Dataset excerpts:

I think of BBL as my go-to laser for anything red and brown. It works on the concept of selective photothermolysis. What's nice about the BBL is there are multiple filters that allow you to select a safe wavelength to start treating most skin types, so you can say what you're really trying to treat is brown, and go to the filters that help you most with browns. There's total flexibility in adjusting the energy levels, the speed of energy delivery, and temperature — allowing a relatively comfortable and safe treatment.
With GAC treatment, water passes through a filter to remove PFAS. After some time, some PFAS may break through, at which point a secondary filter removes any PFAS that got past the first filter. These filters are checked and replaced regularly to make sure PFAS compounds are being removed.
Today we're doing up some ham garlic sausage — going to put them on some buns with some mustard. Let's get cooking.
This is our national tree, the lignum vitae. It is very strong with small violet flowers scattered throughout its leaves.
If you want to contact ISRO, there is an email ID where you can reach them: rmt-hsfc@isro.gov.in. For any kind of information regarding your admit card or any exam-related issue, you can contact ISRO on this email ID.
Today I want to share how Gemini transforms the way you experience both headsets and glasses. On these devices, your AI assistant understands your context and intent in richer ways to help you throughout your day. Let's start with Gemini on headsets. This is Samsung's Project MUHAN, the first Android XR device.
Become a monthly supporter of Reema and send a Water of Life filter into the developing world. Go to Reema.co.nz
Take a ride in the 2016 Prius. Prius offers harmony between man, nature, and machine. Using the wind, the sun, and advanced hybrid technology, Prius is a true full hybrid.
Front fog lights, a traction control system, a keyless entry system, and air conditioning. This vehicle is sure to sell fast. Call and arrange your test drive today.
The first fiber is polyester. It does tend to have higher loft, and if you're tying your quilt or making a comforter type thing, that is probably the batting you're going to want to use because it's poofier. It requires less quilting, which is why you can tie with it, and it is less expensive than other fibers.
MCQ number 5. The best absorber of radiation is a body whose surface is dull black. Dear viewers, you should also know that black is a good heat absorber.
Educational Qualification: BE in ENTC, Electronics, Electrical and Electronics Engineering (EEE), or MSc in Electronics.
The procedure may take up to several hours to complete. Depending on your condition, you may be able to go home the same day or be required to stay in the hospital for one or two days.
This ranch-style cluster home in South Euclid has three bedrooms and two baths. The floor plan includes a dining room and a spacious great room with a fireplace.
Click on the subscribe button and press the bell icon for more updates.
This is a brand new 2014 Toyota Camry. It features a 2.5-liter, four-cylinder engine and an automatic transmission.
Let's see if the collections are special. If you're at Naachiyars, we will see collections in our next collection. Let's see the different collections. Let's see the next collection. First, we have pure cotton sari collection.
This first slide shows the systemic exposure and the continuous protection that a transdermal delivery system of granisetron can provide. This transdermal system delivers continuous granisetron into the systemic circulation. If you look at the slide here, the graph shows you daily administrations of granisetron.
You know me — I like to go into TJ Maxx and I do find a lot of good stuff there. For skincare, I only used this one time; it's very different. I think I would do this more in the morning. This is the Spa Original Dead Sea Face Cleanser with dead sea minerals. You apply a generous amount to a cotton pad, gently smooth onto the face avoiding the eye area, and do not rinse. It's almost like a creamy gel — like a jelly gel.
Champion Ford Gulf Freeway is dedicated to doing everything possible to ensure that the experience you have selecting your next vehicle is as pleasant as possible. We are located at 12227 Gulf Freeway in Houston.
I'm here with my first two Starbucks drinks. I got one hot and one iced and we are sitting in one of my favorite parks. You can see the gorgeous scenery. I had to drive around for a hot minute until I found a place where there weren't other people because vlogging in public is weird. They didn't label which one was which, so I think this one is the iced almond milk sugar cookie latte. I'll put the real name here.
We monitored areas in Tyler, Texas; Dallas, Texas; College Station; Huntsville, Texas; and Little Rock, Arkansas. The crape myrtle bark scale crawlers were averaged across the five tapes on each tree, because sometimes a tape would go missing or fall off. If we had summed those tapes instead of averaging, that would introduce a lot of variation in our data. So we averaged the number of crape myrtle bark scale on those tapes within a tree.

What the task requires:
The required output is every line above from the one with "Today we're doing" down to the one with "If you want", restated word for word, ends included.

Task response:
Today we're doing up some ham garlic sausage — going to put them on some buns with some mustard. Let's get cooking.
This is our national tree, the lignum vitae. It is very strong with small violet flowers scattered throughout its leaves.
If you want to contact ISRO, there is an email ID where you can reach them: rmt-hsfc@isro.gov.in. For any kind of information regarding your admit card or any exam-related issue, you can contact ISRO on this email ID.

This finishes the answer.